Jakarta, IDN Times - Pemerintah didesak segera mengesahkan Rancangan Undang-Undang Pelindungan Pekerja Rumah Tangga (RUU PPRT) yang sudah sangat lama mandek.
Desakan itu disampaikan Komisi Nasional Anti Kekerasan terhadap Perempuan (Komnas Perempuan), Komisi Nasional Hak Asasi Manusia (Komnas HAM), Komisi Perlindungan Anak Indonesia (KPAI), dan Komisi Nasional Disabilitas (KND).
"Perlindungan bagi pekerja di sektor informal masih sangat kurang, termasuk bagi pekerja rumah tangga yang mayoritasnya perempuan. Hingga saat ini kekerasan terhadap PRT terus terjadi dalam berbagai bentuk kekerasan dan penyiksaan yang paling kejam," kata Wakil Ketua Komnas Perempuan, Olivia Chadidjah Salampessy, dikutip Jumat (14/2/2025).
1. Sudah 21 tahun tapi masih mandek

Pengesahan RUU PPRT masih tertunda setelah 21 tahun diperjuangkan sejak 2004. Berbagai upaya, seperti lobi ke DPR dan pendekatan ke masyarakat sipil, terus dilakukan.
Pada peringatan Hari PRT Nasional 2025, harapan lebih dari empat juta PRT kembali menguat agar RUU ini segera disahkan menjadi undang-undang mengingat urgensi perlindungan hukum bagi pekerja rumah tangga di Indonesia.
2. Kekerasan terhadap PRT masih terjadi

Komnas Perempuan mengapresiasi masuknya RUU PPRT dalam Program Legislasi Nasional (Prolegnas) 2025-2029. Hal ini sejalan dengan rekomendasi yang mereka sampaikan dalam RDPU Baleg DPR RI pada 28 Oktober 2024.
Komnas Perempuan berharap pemerintahan Prabowo Subianto memberi dukungan yang sama kuat seperti sebelumnya untuk mempercepat pengesahan RUU PPRT.
Keberpihakan pada RUU ini dinilai sebagai komitmen terhadap keadilan sosial dan hak asasi manusia. Komnas Perempuan mencatat, hingga 2024 kasus kekerasan terhadap PRT masih terjadi.

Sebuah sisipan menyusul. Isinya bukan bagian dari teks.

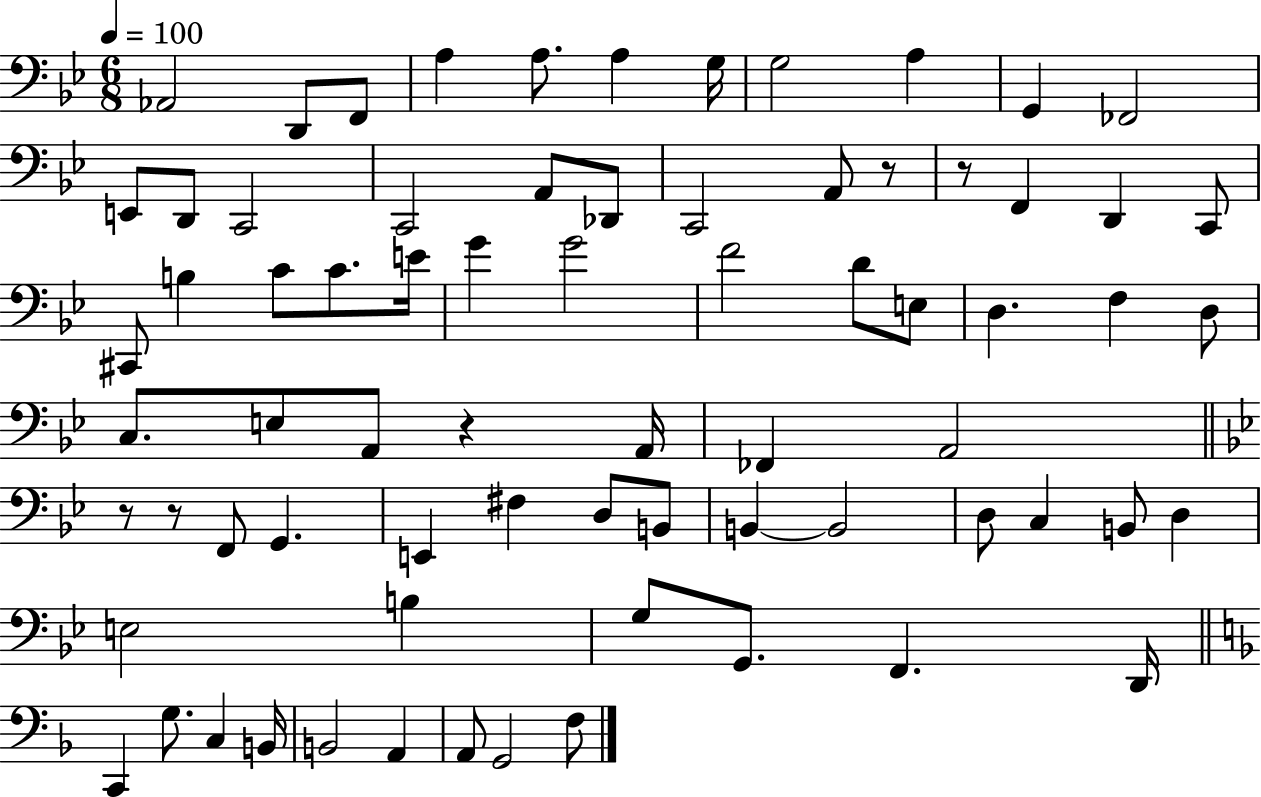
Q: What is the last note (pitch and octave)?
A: F3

Termasuk kasus tragis PRT yang ditemukan gantung diri setelah dituduh mencuri oleh majikannya.
"Bukan hanya kasus penyiksaan PRT yang mengarah pada femisida, terdapat pula kasus PRT yang mengalami kekerasan berlapis, yakni korban TPPO (Tindak Pidana Perdagangan Orang) lewat perekrutan, mengalami kekerasan seksual dan delayed in justice agar kasus diupayakan selesai dengan mekanisme restorative justice,” kata dia.
3. PRT sebagai kelompok rentan

Komisioner Komnas HAM, Anis Hidayah, menegaskan, Komnas HAM memberi perhatian pada kelompok rentan dan marginal yang berpotensi mengalami pelanggaran HAM, termasuk PRT.

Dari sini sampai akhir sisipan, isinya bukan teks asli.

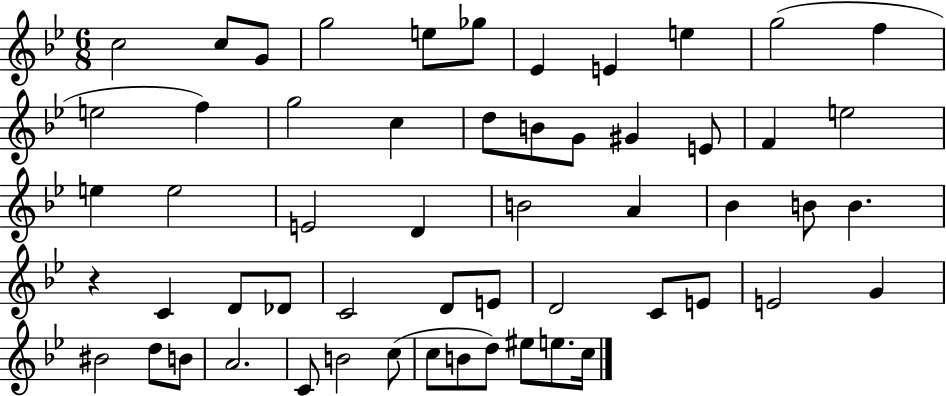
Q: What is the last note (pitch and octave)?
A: C5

Komnas HAM menerima pengaduan terkait pelanggaran hak PRT, seperti gaji tidak dibayar, hilang kontak, kekerasan, perdagangan orang, dan kekerasan seksual.

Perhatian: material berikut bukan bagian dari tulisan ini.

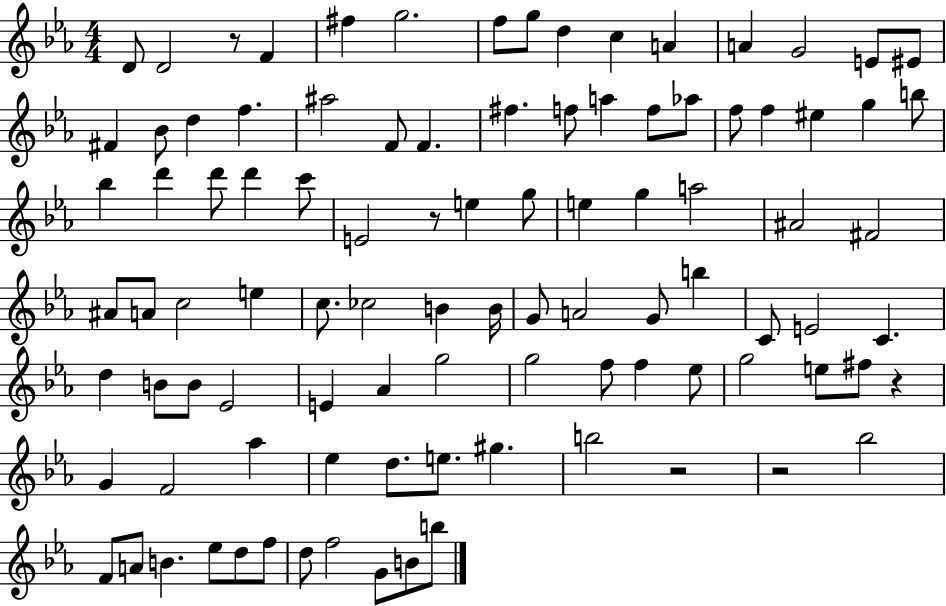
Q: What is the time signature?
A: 4/4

Hak atas pekerjaan adalah hak asasi manusia yang dijamin dalam Pasal 28D Ayat 2 UUD 1945. Negara wajib menghormati, melindungi, dan memenuhi hak ini tanpa diskriminasi. Pada 2024, Komnas HAM menyusun Standar Norma dan Pengaturan (SNP) tentang Hak atas Pekerjaan Layak yang menegaskan PRT sebagai kelompok rentan.
Pasalnya, mereka sering dikecualikan dari UU Ketenagakerjaan karena hubungan kerja dianggap kekeluargaan sehingga sulit mendapatkan perlindungan hukum, kesejahteraan, serta akses layanan negara.